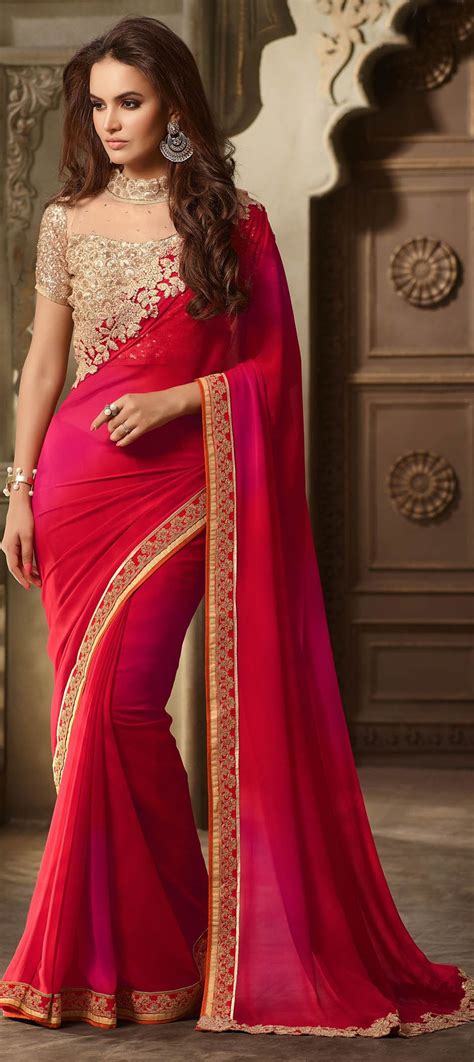 Faux Georgette Party Wear Saree In Pink And Majenta With Lace Work Saree Designs Party Wear
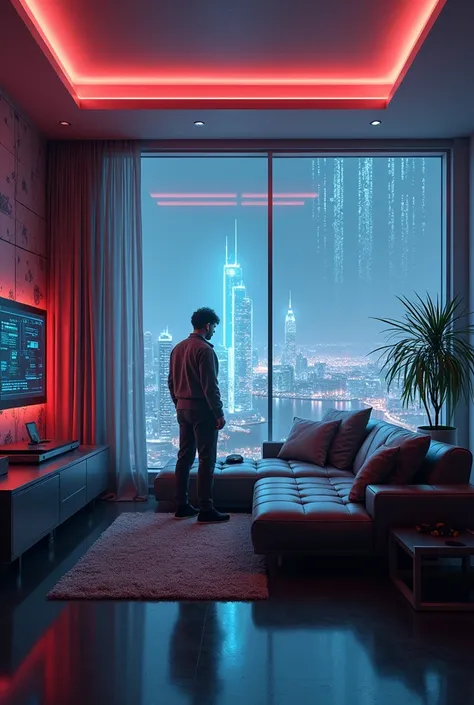 Realistic blade runner theme living room with computer, wall drawing or led lights, floor, window and sofa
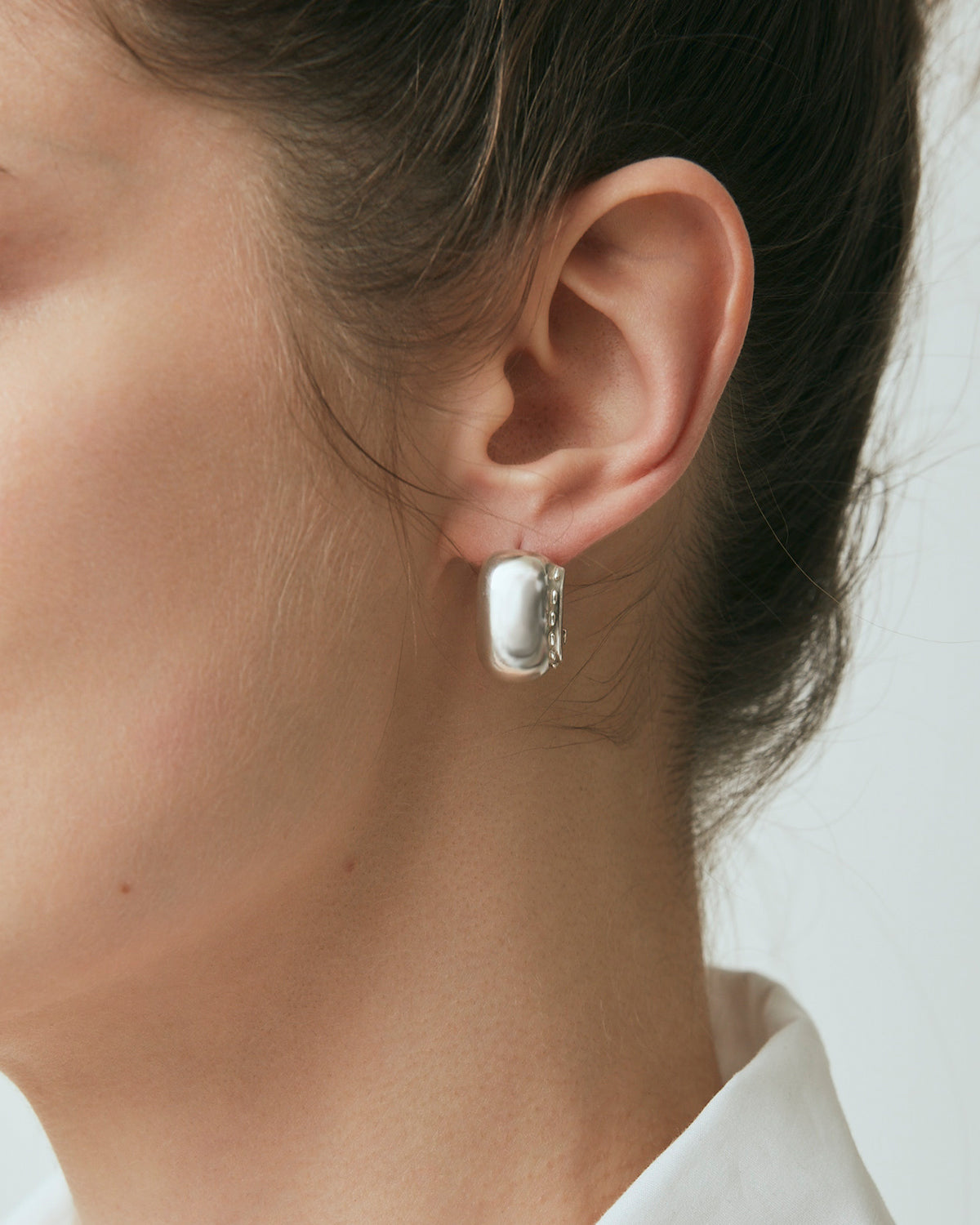Cord Wide Drop Earrings, Silver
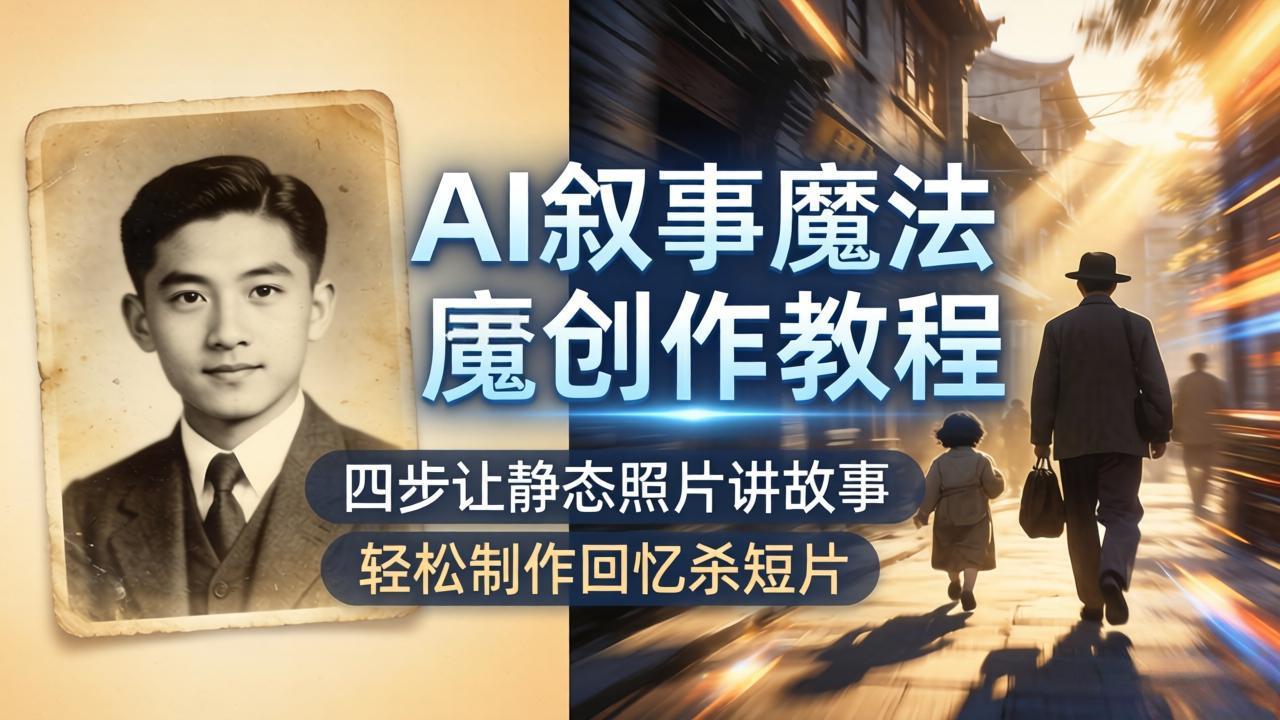 AI叙事魔法创作教程，四步让静态照片讲故事，老照片修复加动态特效，轻松制作回忆杀短片-云享网创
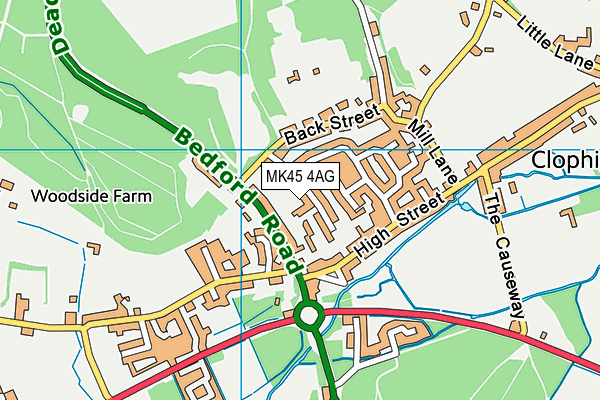 MK45 4AG map - OS VectorMap District (Ordnance Survey)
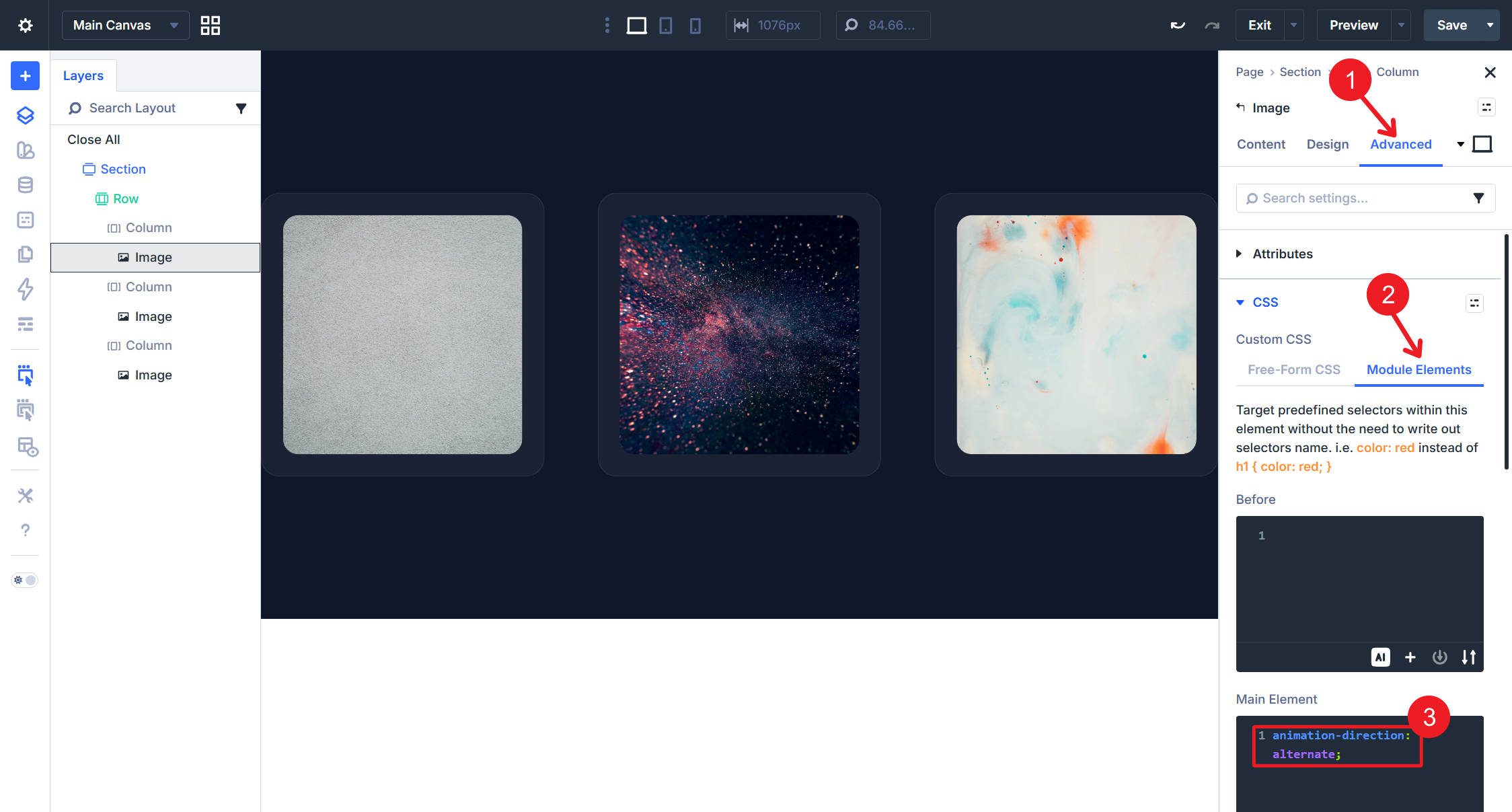 Module Main CSS Animation-direction alternate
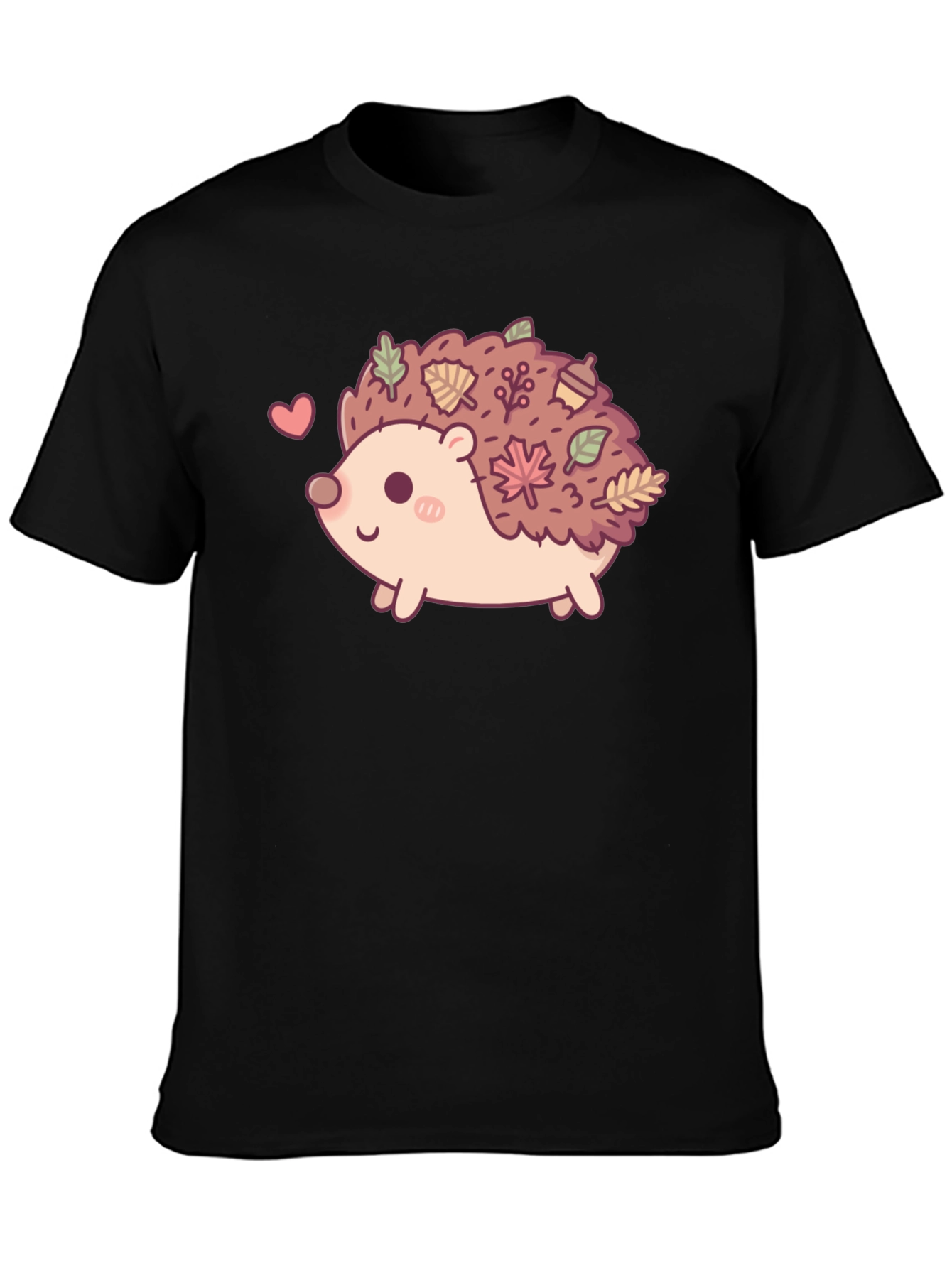 Black Cute Hedgehog Leaves Graphic Tee - Black view 3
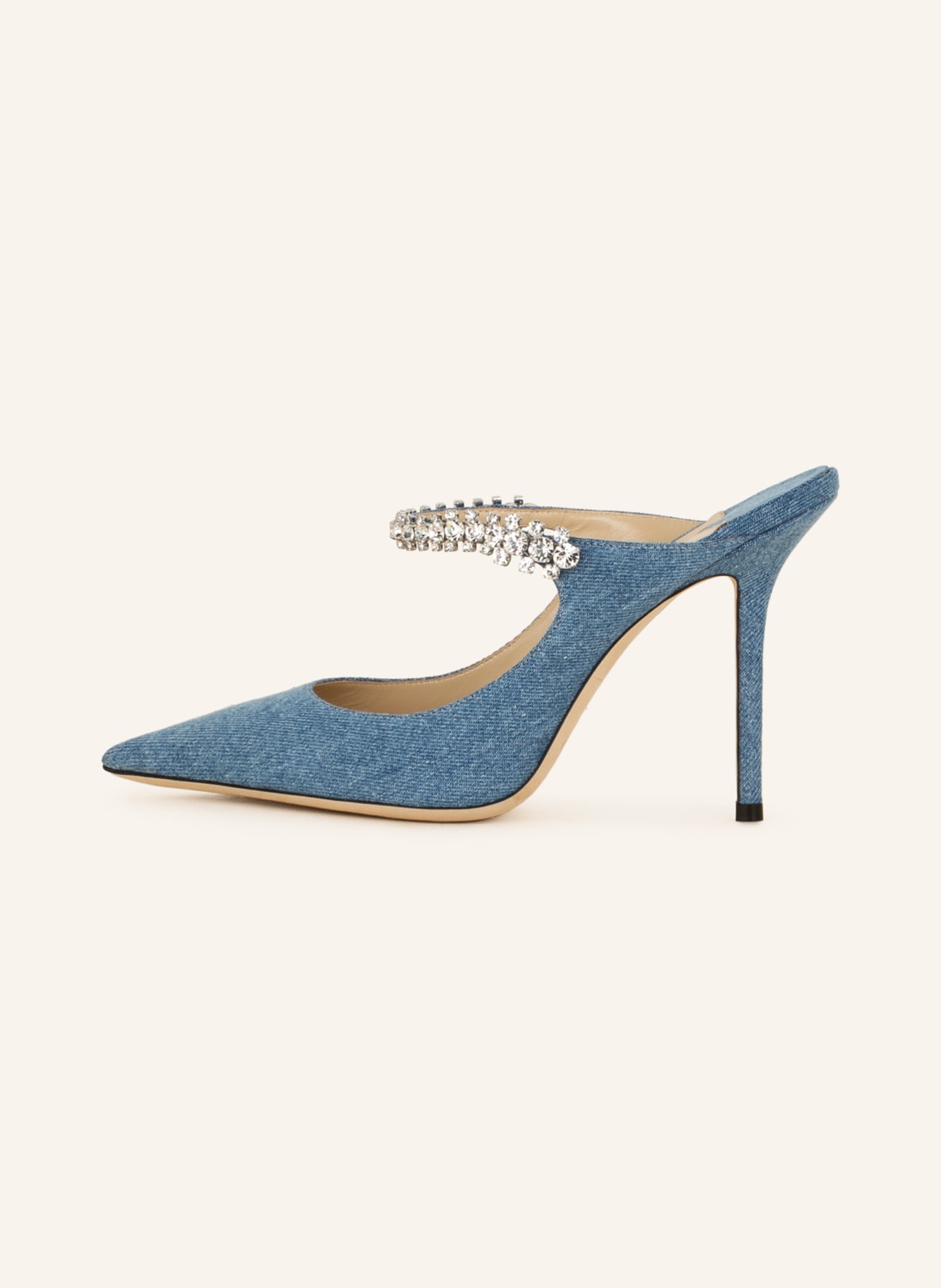 JIMMY CHOO Mules BING 100 with decorative gems, Color: BLUE (Image 4)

----

TASK INSTRUCTIONS: Please copy the data above exactly; the pictures do not belong in the copy.

WRITTEN ANSWER:
 Faux Georgette Party Wear Saree In Pink And Majenta With Lace Work Saree Designs Party Wear
 Realistic blade runner theme living room with computer, wall drawing or led lights, floor, window and sofa
Cord Wide Drop Earrings, Silver
 AI叙事魔法创作教程，四步让静态照片讲故事，老照片修复加动态特效，轻松制作回忆杀短片-云享网创
 MK45 4AG map - OS VectorMap District (Ordnance Survey)
 Module Main CSS Animation-direction alternate
 Black Cute Hedgehog Leaves Graphic Tee - Black view 3
 JIMMY CHOO Mules BING 100 with decorative gems, Color: BLUE (Image 4)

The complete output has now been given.